I shouldn't feel like this, I'm a fairly accomplished man for 27. I earned my BA in photojournalism and work in the field. Granted, my job is definitely part of the problem, but I already put in notice and will be going freelance, which is scary, but in a good way. Plus I have a wonderful girlfriend. A bit moody, but I adore her and love her deeply.
In the last couple weeks it's gotten really bad. I've cried at least a half-dozen times, and I'm a guy who normally cries once a year at the most. My birthday was soon after I gave notice, but I wound up working on projects the whole day and had to cancel my plans, which led to a fight with my girlfriend. Crappy birthday, but i've had lots of those.
The next week started off with a horrible motorcycle accident that I photographed. The rider was killed, and he was a beloved member of the community that my small newspaper serves. The next day his son came into the office to tell me how much of an ******* I was for taking  the picture of the mangled wreckage that ran on the cover. When I scanned in an old shot of him for his obituary, his smiling face burned the image of that same face, bloated and dead, lying on the highway, deep into my brain. Death isn't new to me, photographed lots of fatals; this was different.

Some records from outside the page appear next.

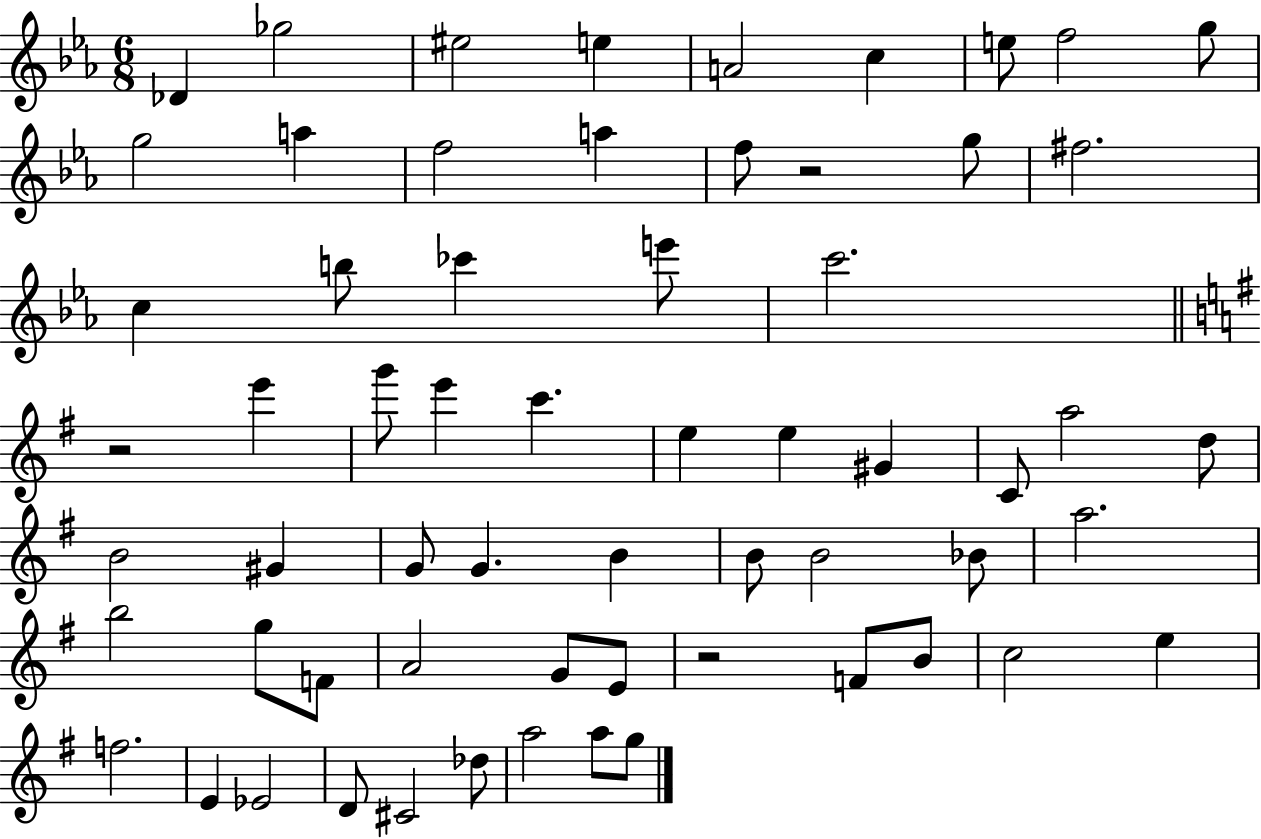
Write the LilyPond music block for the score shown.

{
  \clef treble
  \numericTimeSignature
  \time 6/8
  \key ees \major
  \repeat volta 2 { des'4 ges''2 | eis''2 e''4 | a'2 c''4 | e''8 f''2 g''8 | \break g''2 a''4 | f''2 a''4 | f''8 r2 g''8 | fis''2. | \break c''4 b''8 ces'''4 e'''8 | c'''2. | \bar "||" \break \key e \minor r2 e'''4 | g'''8 e'''4 c'''4. | e''4 e''4 gis'4 | c'8 a''2 d''8 | \break b'2 gis'4 | g'8 g'4. b'4 | b'8 b'2 bes'8 | a''2. | \break b''2 g''8 f'8 | a'2 g'8 e'8 | r2 f'8 b'8 | c''2 e''4 | \break f''2. | e'4 ees'2 | d'8 cis'2 des''8 | a''2 a''8 g''8 | \break } \bar "|."
}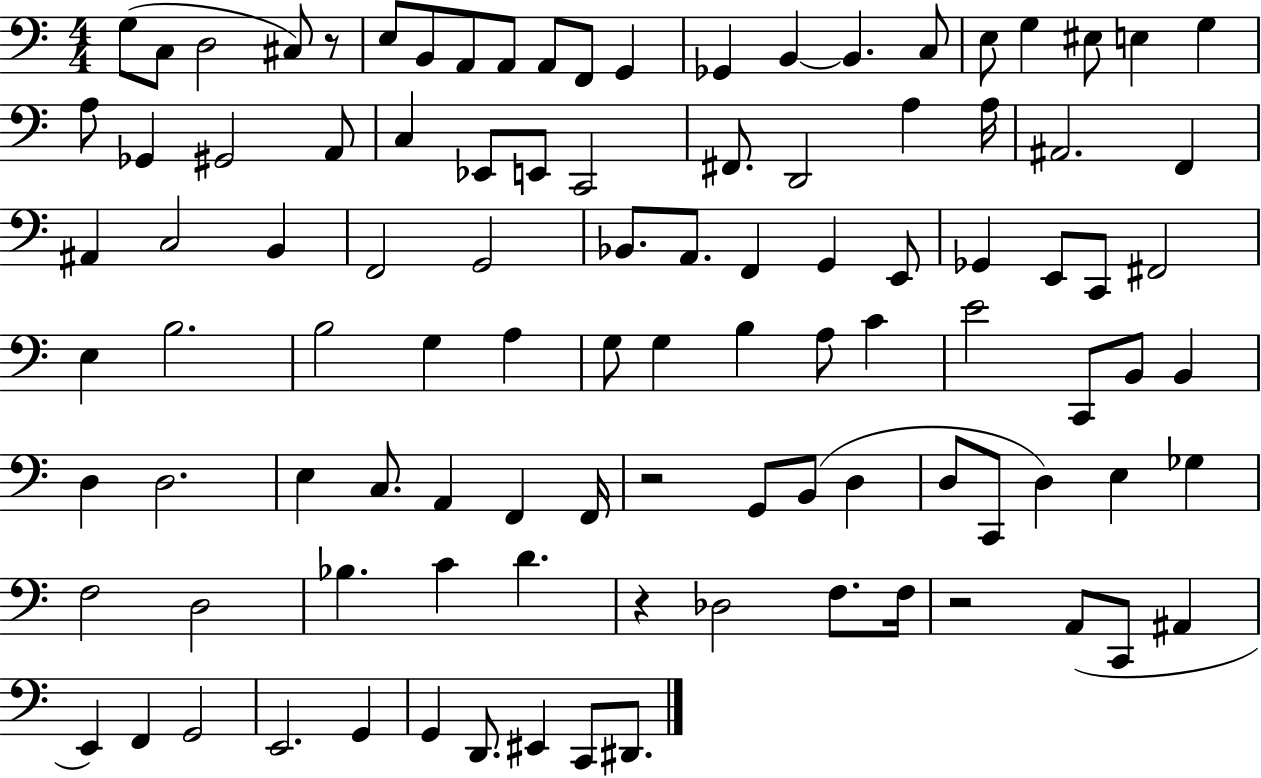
X:1
T:Untitled
M:4/4
L:1/4
K:C
G,/2 C,/2 D,2 ^C,/2 z/2 E,/2 B,,/2 A,,/2 A,,/2 A,,/2 F,,/2 G,, _G,, B,, B,, C,/2 E,/2 G, ^E,/2 E, G, A,/2 _G,, ^G,,2 A,,/2 C, _E,,/2 E,,/2 C,,2 ^F,,/2 D,,2 A, A,/4 ^A,,2 F,, ^A,, C,2 B,, F,,2 G,,2 _B,,/2 A,,/2 F,, G,, E,,/2 _G,, E,,/2 C,,/2 ^F,,2 E, B,2 B,2 G, A, G,/2 G, B, A,/2 C E2 C,,/2 B,,/2 B,, D, D,2 E, C,/2 A,, F,, F,,/4 z2 G,,/2 B,,/2 D, D,/2 C,,/2 D, E, _G, F,2 D,2 _B, C D z _D,2 F,/2 F,/4 z2 A,,/2 C,,/2 ^A,, E,, F,, G,,2 E,,2 G,, G,, D,,/2 ^E,, C,,/2 ^D,,/2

The following Monday, two days ago, I came in to news of the tragic death of a 19 year-old star athlete who graduated only a couple months ago. I'd shot him playing football many times and spoken to him a little, really sweet kid. I headed to the makeshift memorial at the site of his death and was almost overcome with emotion as I snapped pictures of children learning of mortality. I devoted a whole page to pictures of him in todays paper. This time the kid's mom came in and thanked me. That felt good, but I couldn't hold on to it. I feel like my pain in dealing with this isn't really justified, which makes me feel guilty, it's like my bees ting to the family's bullet wound.
I can still function, I've gotten very good at working through pain. Two years ago my best friend died in a car accident. The next day I photographed an SUV on top of two women and their motorcycle. They survived, but both of their backs were broken. My friend's brother was in the car with him, fresh home from Iraq. He survived with some brain injuries, only to be stop-lossed and sent back to war. A couple weeks ago he was hit by an IED, he's alive, and coming home, thank God, but suffered serious traumatic brain injury.
My girlfriend and I are seeing a counselor together, and I like her. But the main reason I'm really going is to help her. She survived abuse from someone  who I know well as a 7 year-old, and is only now, with my help, beginning to deal with it. I love helping her, but it's taken such a toll on her that she really doesn't always have it in her to be what I need her to be. Worse yet, I'm not so sure I know what I need.
I have to find a way to be happy, this isn't fair to her, or to me. Please help.